Na Região Metropolitana do Recife (RMR), apenas quatro cidades superaram a meta estabelecida para 2024: Itapissuma (82,75%), Araçoiaba (53,49%), São Lourenço da Mata (53,32%) e Igarassu (66,97%).

O tema foi debatido no videocast Giro Metropolitano, da Rádio Jornal, que recebeu o professor Mozart Neves Ramos, ex-secretário de Educação de Pernambuco e titular da Cátedra Sérgio Henrique Ferreira, do Instituto de Estudos Avançados da USP, em Ribeirão Preto.

Durante a entrevista, o especialista destacou a urgência de um regime de colaboração entre União, estados e municípios para enfrentar os desafios da alfabetização.

Mozart também ressaltou a importância da qualidade na formação de professores, da gestão educacional com foco em resultados e da compreensão dos impactos do contexto social e do uso da tecnologia no processo de ensino e aprendizagem.

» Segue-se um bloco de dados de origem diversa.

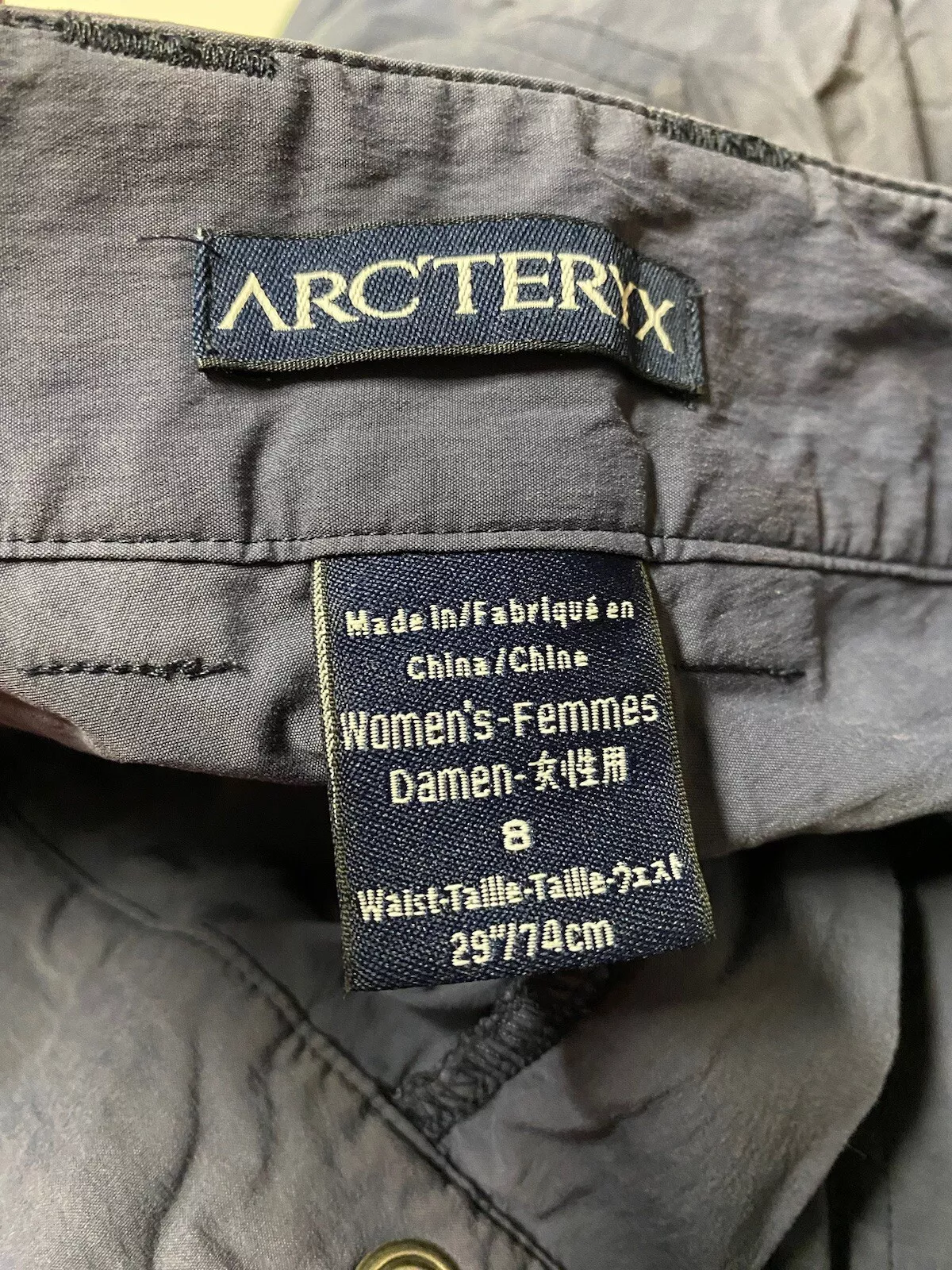 arcteryx flex nylon cargo measured 31 x 13 shorts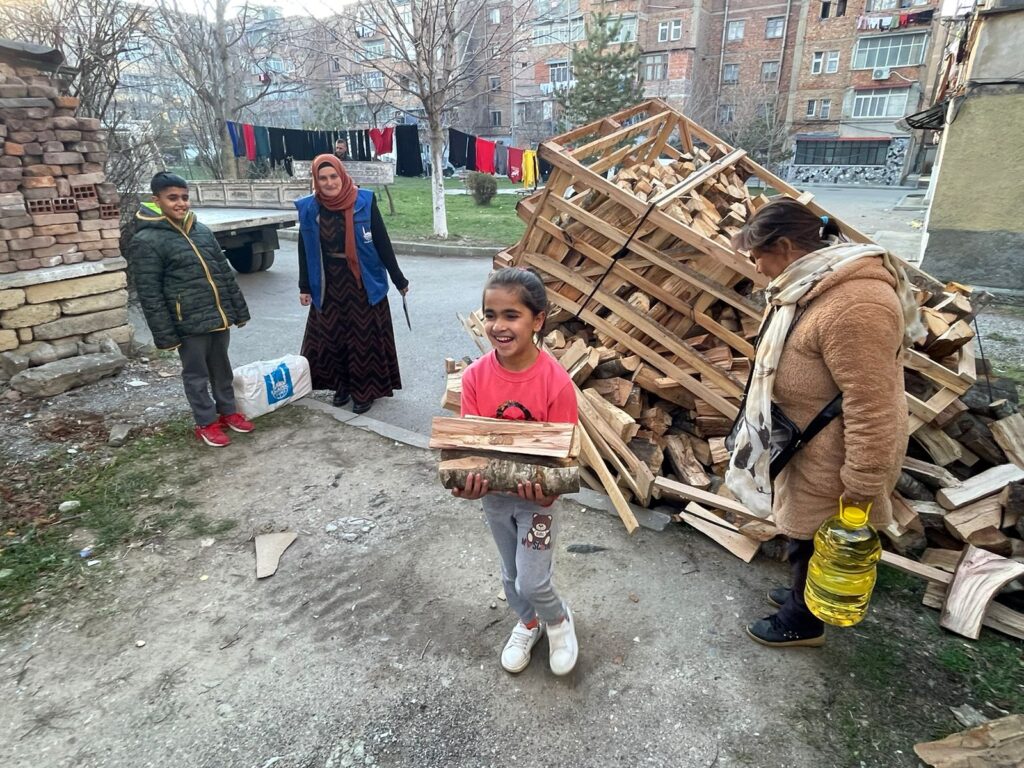 Valbona y sus hijos recogiendo leña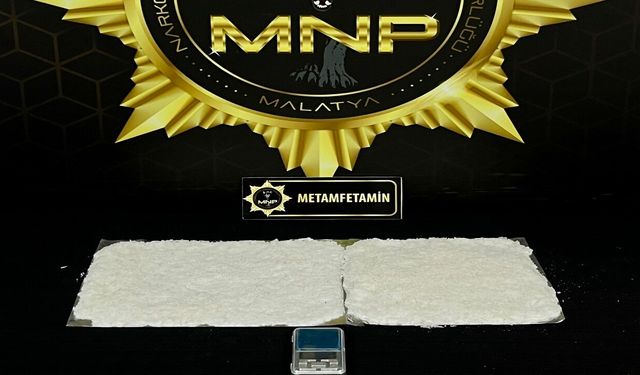 Malatya’da fiziki takip sonrası operasyon! 900 gram metamfetamin ele geçirildi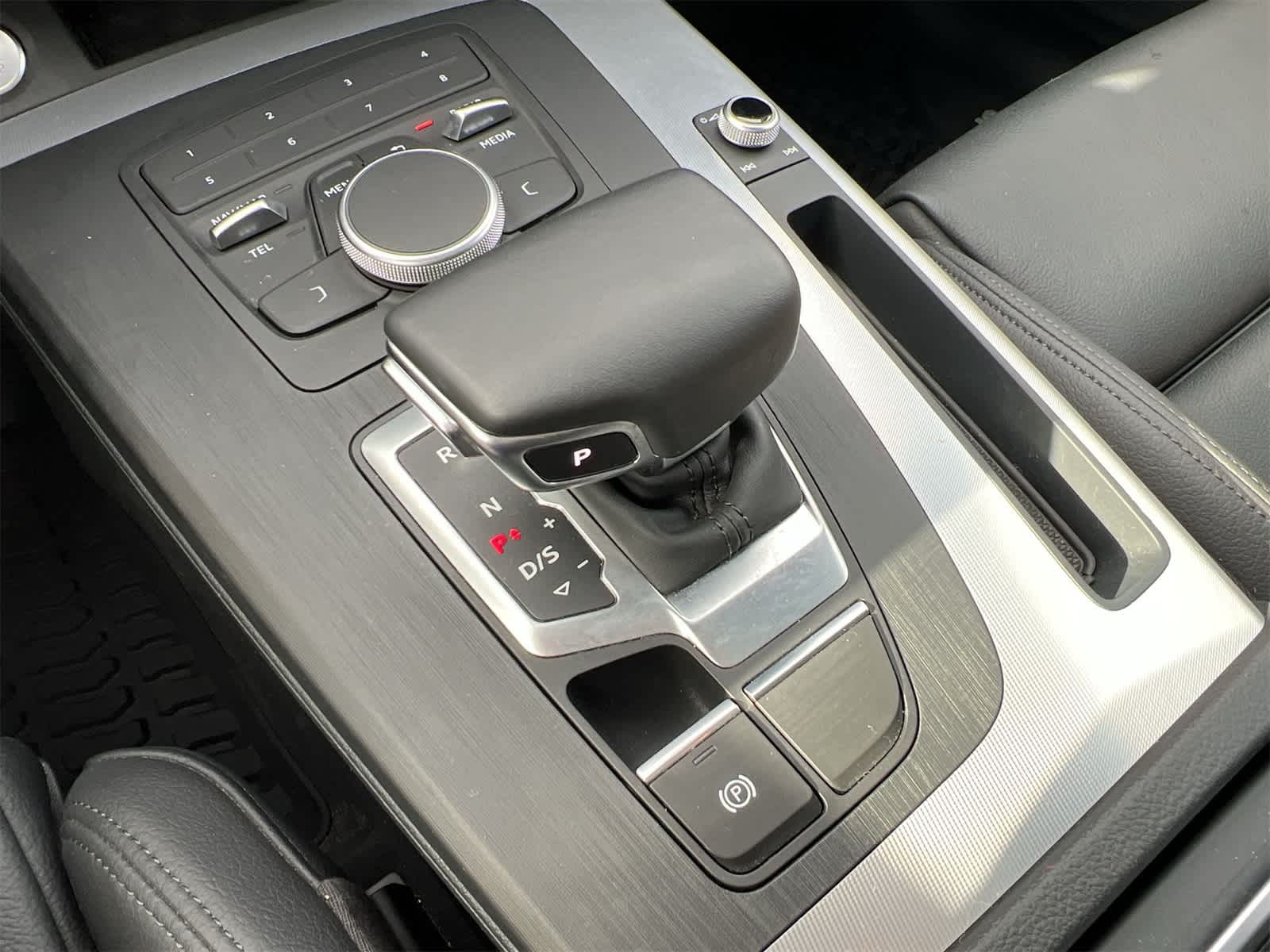 Thumbnail: 2020 Audi Q5 - 25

Segundo ele, investir em educação é apostar em um retorno de alta rentabilidade para o país — um compromisso que precisa ser contínuo e independente das mudanças de governo.

 

Educação como investimento

O professor Mozart Neves Ramos citou o economista James Heckman, ganhador do Prêmio Nobel de Economia em 2000, ao afirmar que o melhor investimento que podia ser feito era na Primeira Infância — "a cada um dólar investido nessa primeira fase da vida, gera retorno de 7 a 10 dólares no futuro", afirmou.

Com base nessa perspectiva, o professor defendeu a importância de uma articulação eficaz entre a pré-escola e os dois primeiros anos dos Anos Iniciais do Ensino Fundamental, pois é nesse período que o ciclo da alfabetização deveria se dar de maneira completa.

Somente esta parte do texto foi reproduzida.